Web infrastructure and content delivery provider Cloudflare is experiencing serious disruption to several of its sites and services this morning, after losing network connectivity to a core data centre.
Full details are yet to be revealed, but the problems started around 1.30 am AEST, and are caused by "a disruption that occurred during a maintenance," Cloudflare said on its status page which is still accessible.
Cloudflare founder and chief executive Matthew Prince confirmed the issues, blaming it on "remote hands".
During planned maintenance remote hands decommissioned some equipment that they shouldn’t have. We’re failing over to a backup facility and working to get the equipment back online. Not attack related. Doesn’t impact performance of the network.— Matthew Prince (@eastdakota) April 15, 2020
At the time of initial publishing, the Cloudflare Dashboard was inaccessible for customers. (See update below).
Apart from the Dashboards, Cloudflare's API, registrar for domain names, Argo encrypted tunnel, billing, secure sockets layer certificates and for software-as-a-service provisioning, enterprise logs, domain name service updates, and content delivery network cache purges all went offline due to the problem.
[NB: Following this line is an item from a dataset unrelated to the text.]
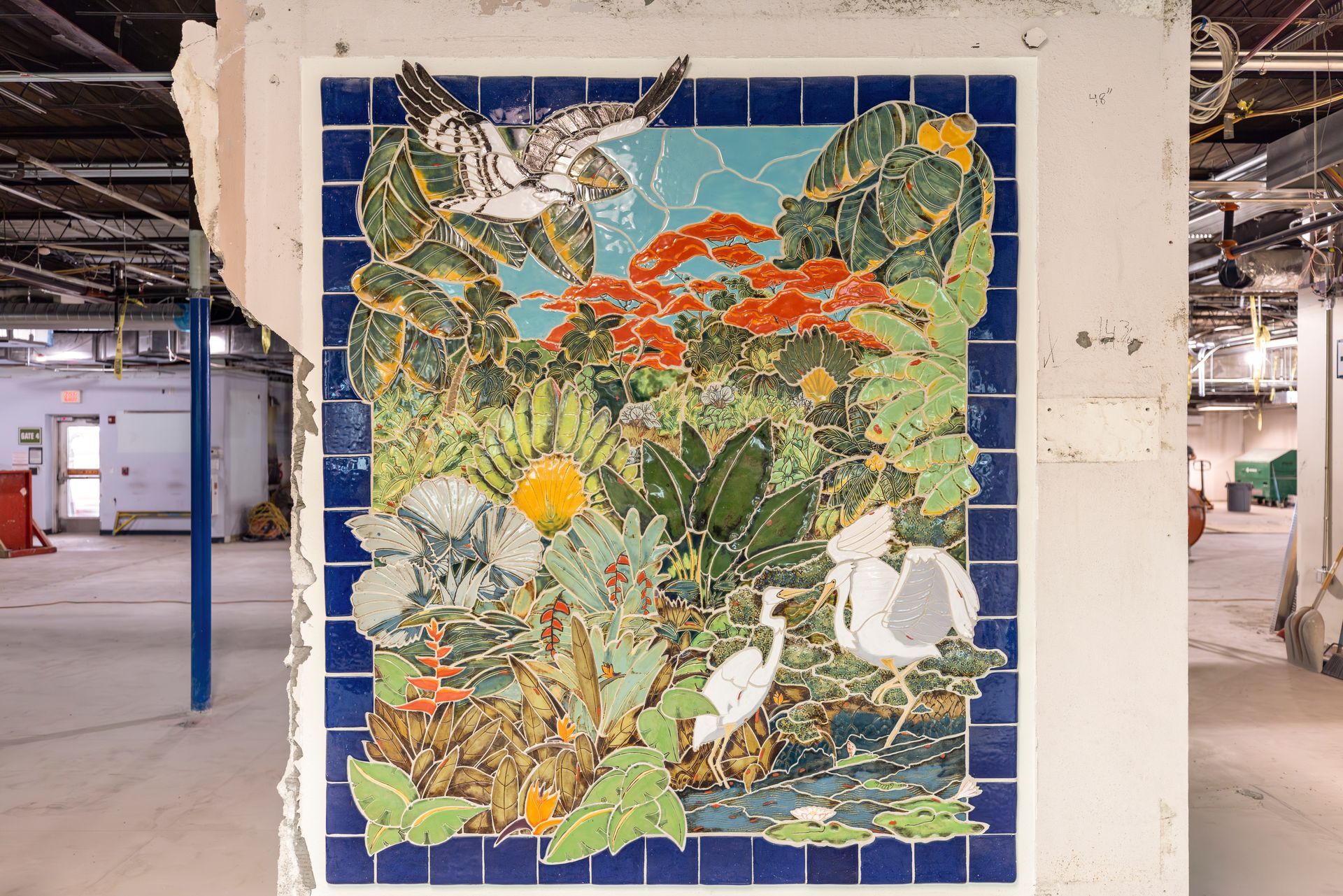 Colorful mosaic mural of birds, plants, and fruit on a concrete pillar in an industrial space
Cloudflare Workers, Storage, Spectrum, Stream, Load Balancing and Argo smart routing services continue to operate, but with degraded performance.
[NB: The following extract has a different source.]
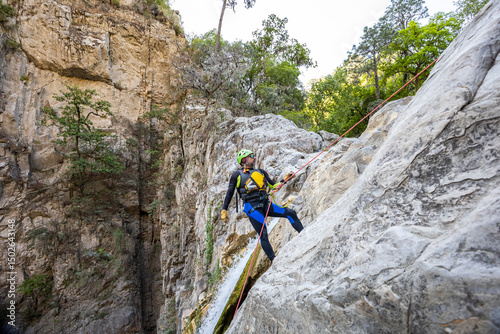 Man Rappelling During Canyoneering Adventure in Rocky Canyon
“This never should have happened,” said Cloudflare’s chief executive Matthew Prince a few hours after the outage.
Prince said the plan was to decommission a rack of equipment in a data centre that was supposed to be redundant.
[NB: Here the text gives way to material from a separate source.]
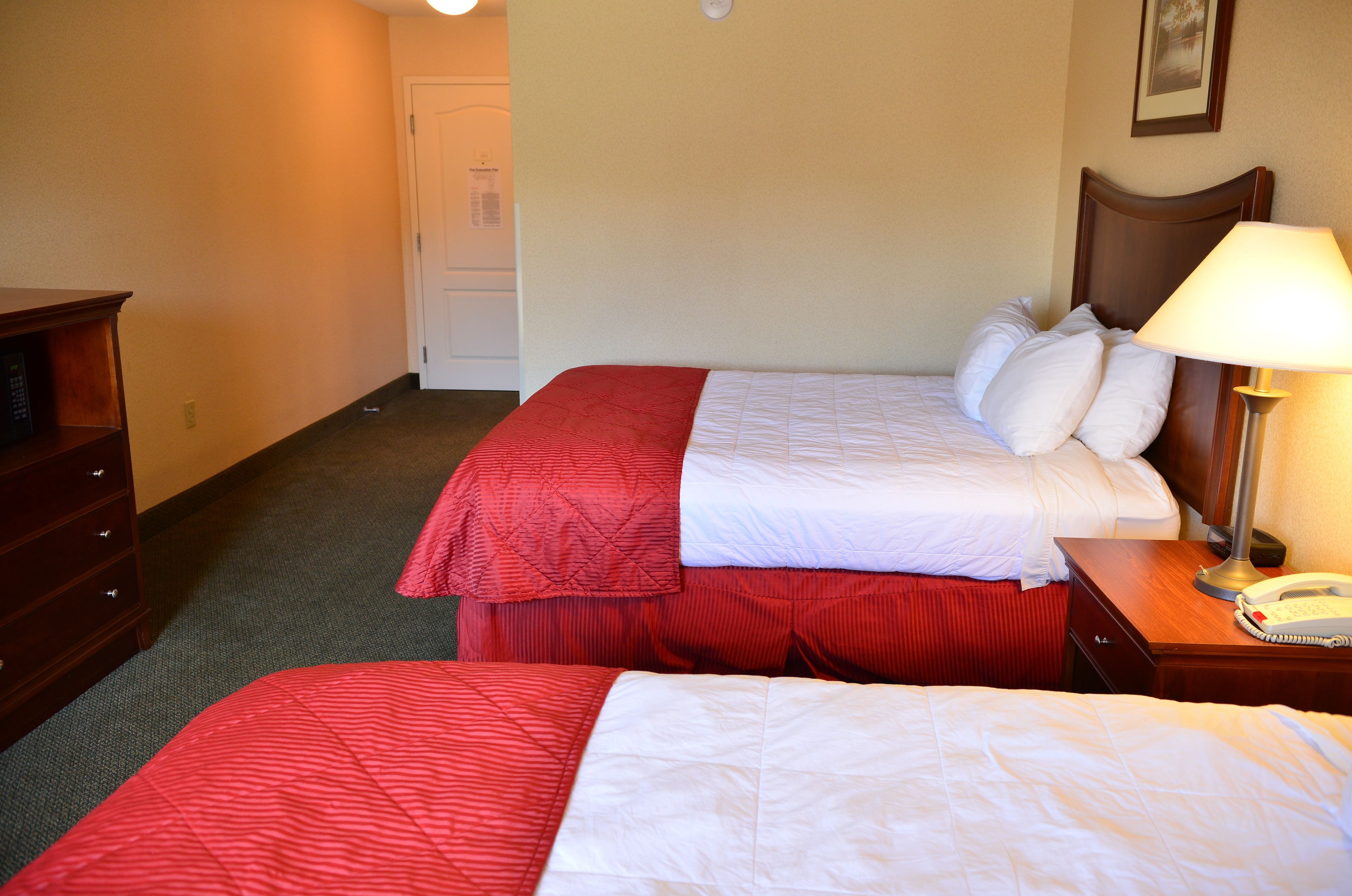 Desk, blackout drapes, iron/ironing board, free cribs/infant beds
However, while the unnamed equipment was indeed redundant, the same cabinet contained a network lead patch panel that was critical.
“Its [the patch panel] removal caused multiple independent network connections to fail,” Prince said.
Compounding the network connection failures, Cloudflare decided not to cut over to a back up facility out of technical concerns, and in the belief that the engineers could get the primary facility back online faster than it turned out they could, he added.
Cloudflare will conduct a full post-mortem of the incident and make it public on its blog, once its services are fully restored and the company understands the mistakes it made.
As of this update, Cloudflare’s status page says all systems are operational.